* skb_shinfo(skb)->nr_frags > 0 while skb_is_gso(skb) == 0?
@ 2009-10-07 1:03 John Wright
2009-10-07 1:21 ` Stephen Hemminger
2009-10-07 1:37 ` Michael Chan
0 siblings, 2 replies; 5+ messages in thread
From: John Wright @ 2009-10-07 1:03 UTC (permalink / raw)
To: netdev, Michael Chan; +Cc: Bob Montgomery
[-- Attachment #1: Type: text/plain, Size: 7447 bytes --]
Hello,
Bob Montgomery and I are debugging an OOPS in the bnx2 driver.

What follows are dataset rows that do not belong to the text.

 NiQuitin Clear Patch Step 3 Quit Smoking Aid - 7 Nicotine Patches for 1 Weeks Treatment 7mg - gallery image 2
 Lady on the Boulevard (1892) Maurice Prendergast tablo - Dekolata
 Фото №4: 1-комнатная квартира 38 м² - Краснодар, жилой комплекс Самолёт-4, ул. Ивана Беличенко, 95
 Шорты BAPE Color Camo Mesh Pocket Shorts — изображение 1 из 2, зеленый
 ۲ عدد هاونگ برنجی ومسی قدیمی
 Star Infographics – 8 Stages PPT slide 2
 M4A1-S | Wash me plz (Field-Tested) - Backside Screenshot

The
driver OOPSes in bnx2_tx_int(), getting a NULL pointer dereference when
checking if the skb is GSO. (This is on 2.6.29, before is_gso was
cached in the tx_buf (commit d62fda08), but bear with me - while kernels
with that commit might not crash in the same place, I think we have
discovered a bug that would manifest itself another way.)
So, first, a question for someone who knows more about sk_buff's than I:
is it reasonable/legal for an skb for which skb_is_gso(skb) == 0 to also
have skb_shinfo(skb)->nr_frags > 0?
If yes, then for Michael, or someone familiar with bnx2 hardware: are
"partial BD completions" (where the hw_tx_cons value is on a ring index
that, on the tx_buf_ring, would have a NULL skb value, and on the
tx_desc_ring, the tx_bd would not have the TX_BD_FLAGS_START flag set)
possible only for gso skb's, or is it possible any time nr_frags > 0?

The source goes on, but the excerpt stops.